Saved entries

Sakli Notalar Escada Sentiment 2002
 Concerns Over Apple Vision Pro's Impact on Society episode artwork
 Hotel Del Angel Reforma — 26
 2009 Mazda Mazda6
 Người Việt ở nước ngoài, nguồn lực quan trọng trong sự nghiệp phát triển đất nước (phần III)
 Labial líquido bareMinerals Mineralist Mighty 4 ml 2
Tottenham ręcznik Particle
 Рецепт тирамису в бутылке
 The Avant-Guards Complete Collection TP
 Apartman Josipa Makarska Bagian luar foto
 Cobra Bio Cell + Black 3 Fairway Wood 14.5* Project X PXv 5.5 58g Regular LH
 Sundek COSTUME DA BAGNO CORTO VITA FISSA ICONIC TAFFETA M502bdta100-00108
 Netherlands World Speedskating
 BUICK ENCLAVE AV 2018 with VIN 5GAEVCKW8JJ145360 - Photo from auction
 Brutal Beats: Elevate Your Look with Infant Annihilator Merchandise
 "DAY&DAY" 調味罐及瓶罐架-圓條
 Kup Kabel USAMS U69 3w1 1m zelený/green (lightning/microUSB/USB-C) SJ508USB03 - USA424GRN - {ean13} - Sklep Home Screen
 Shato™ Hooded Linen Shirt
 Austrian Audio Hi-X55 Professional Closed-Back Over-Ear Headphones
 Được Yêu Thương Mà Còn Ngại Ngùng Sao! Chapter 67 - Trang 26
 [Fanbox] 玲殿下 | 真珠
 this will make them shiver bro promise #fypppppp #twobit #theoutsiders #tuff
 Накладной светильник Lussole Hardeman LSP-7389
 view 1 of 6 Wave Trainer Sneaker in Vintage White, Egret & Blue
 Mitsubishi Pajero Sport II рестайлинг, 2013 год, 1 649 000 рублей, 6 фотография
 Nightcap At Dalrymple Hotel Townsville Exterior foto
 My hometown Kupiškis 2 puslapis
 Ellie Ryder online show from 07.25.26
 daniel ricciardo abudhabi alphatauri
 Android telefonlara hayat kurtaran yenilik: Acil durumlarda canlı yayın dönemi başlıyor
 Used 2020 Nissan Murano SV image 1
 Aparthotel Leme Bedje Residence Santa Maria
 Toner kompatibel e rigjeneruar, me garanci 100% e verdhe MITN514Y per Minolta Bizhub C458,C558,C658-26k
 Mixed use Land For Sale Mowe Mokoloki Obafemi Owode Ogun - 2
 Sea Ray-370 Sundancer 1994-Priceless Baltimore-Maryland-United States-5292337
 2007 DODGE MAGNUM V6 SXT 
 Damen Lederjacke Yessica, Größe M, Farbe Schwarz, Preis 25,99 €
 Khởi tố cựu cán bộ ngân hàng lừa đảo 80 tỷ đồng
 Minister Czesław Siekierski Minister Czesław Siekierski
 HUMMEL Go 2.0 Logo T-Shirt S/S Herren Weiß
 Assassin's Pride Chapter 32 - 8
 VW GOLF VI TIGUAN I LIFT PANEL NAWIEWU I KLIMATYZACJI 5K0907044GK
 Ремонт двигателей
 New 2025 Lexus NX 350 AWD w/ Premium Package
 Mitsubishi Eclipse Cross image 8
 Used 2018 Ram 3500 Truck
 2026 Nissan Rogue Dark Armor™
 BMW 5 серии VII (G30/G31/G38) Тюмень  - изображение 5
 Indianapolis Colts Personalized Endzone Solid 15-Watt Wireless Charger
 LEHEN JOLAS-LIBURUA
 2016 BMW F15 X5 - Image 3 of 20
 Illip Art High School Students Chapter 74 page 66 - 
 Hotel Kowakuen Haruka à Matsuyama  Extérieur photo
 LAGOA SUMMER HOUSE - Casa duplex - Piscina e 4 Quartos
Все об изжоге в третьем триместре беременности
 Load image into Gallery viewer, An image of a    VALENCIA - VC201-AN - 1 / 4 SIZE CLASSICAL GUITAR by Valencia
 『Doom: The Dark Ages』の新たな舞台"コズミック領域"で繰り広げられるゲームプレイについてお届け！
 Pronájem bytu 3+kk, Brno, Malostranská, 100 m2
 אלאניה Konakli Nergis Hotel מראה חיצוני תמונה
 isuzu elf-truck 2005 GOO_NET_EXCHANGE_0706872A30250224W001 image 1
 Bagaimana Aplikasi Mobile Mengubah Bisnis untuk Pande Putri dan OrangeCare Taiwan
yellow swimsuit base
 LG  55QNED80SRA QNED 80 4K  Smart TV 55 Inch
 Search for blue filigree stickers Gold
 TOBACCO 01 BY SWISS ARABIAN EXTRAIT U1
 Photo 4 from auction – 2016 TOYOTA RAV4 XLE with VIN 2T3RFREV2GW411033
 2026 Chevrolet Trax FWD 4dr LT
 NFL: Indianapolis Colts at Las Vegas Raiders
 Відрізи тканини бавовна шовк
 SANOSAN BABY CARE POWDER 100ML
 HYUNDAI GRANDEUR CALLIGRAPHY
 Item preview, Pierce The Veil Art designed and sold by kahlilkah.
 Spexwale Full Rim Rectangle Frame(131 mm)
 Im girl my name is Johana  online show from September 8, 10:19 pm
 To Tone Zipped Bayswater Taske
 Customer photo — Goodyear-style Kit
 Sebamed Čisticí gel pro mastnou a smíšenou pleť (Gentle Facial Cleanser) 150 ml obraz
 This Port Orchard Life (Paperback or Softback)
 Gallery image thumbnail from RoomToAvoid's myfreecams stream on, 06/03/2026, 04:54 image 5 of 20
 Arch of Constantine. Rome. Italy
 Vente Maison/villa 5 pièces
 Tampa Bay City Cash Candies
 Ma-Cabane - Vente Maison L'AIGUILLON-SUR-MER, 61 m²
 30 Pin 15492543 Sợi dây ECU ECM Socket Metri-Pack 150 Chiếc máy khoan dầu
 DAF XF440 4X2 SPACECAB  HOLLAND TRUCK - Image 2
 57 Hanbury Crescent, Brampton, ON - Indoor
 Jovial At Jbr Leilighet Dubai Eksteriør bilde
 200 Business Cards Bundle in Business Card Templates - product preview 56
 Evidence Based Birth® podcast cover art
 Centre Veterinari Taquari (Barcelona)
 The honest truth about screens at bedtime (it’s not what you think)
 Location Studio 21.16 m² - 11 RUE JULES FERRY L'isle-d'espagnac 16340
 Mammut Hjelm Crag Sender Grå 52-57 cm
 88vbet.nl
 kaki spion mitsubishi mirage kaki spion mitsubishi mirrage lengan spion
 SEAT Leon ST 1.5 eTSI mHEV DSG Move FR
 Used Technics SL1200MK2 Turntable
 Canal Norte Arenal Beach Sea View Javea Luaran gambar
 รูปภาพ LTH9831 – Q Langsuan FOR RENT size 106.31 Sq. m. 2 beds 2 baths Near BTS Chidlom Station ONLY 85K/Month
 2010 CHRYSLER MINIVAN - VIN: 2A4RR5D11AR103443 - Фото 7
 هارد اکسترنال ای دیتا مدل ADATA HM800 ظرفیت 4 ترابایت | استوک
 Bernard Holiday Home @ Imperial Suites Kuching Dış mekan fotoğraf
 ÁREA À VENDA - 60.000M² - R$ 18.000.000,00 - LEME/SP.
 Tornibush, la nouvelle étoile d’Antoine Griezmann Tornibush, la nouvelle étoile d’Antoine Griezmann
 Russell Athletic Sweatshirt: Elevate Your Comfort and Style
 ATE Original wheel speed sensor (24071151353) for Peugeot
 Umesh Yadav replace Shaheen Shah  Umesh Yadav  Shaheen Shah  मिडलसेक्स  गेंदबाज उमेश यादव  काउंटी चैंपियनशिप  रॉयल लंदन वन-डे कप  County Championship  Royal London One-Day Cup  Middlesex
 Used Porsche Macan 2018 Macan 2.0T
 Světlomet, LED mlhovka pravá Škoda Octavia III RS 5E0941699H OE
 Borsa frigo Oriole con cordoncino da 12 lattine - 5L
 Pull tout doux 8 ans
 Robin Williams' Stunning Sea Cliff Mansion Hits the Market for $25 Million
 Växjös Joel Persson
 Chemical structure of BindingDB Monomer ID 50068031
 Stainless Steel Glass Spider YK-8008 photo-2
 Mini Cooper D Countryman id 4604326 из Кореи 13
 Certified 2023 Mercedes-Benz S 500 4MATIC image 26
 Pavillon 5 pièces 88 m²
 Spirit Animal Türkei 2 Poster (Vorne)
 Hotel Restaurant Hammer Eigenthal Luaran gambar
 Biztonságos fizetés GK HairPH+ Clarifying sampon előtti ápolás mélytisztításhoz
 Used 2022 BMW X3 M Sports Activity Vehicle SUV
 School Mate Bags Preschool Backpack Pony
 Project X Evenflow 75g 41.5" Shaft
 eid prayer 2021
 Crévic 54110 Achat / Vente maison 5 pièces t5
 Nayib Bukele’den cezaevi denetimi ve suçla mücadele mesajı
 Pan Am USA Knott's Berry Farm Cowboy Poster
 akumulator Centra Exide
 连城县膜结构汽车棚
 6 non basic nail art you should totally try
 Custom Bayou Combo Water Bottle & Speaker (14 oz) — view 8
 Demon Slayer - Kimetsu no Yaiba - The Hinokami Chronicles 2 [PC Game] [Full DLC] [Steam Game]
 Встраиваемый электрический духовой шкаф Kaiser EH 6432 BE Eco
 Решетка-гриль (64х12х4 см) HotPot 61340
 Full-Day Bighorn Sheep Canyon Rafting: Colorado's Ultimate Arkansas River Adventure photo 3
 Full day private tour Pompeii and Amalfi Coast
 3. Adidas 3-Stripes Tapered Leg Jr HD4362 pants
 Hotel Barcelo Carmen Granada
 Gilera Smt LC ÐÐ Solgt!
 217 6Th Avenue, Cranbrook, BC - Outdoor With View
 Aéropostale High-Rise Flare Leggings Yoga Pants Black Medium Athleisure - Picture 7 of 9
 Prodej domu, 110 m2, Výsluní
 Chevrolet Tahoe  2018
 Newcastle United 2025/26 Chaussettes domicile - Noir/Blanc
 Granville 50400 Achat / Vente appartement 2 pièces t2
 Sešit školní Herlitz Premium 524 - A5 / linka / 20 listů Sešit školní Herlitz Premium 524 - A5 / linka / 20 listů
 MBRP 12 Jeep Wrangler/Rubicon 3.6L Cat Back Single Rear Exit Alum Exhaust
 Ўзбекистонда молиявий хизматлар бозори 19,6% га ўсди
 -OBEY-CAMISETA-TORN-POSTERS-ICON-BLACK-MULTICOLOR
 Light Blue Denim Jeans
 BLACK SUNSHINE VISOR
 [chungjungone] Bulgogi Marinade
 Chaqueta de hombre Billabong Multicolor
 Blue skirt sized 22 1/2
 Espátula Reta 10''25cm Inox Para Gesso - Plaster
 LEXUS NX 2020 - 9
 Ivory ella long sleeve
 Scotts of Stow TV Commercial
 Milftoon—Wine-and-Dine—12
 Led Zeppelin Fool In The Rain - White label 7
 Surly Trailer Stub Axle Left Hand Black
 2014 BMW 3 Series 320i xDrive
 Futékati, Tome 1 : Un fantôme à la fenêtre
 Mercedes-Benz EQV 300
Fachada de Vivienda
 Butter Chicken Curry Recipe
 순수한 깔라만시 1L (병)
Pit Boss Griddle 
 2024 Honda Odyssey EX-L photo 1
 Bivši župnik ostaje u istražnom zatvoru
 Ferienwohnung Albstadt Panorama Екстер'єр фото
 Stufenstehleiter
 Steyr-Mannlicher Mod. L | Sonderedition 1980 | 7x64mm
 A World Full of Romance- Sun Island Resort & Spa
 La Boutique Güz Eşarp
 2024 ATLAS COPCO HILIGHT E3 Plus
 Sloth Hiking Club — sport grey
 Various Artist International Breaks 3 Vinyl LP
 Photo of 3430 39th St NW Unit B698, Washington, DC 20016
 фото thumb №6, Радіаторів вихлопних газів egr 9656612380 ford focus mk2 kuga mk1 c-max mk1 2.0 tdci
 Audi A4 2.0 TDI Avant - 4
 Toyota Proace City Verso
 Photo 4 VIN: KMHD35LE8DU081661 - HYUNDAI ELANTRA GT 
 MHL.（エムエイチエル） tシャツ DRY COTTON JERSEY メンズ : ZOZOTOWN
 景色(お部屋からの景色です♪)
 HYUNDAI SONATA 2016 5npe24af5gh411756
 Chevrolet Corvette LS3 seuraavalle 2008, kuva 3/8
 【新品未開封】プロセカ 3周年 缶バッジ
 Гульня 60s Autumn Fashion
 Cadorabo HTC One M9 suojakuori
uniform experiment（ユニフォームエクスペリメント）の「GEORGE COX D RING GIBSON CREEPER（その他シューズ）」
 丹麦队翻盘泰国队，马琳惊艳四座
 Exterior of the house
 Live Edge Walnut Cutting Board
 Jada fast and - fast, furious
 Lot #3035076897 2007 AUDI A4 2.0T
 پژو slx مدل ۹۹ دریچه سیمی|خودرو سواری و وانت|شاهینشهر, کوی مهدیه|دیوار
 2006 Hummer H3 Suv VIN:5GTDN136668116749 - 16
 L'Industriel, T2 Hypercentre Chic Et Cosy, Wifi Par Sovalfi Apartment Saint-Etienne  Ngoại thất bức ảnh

- **AIM OF THE EXERCISE**
Where a line in the records above contains the word "Chevrolet", copy that line.

- **WRITTEN SOLUTION**
 2026 Chevrolet Trax FWD 4dr LT
 Chevrolet Tahoe  2018
 Chevrolet Corvette LS3 seuraavalle 2008, kuva 3/8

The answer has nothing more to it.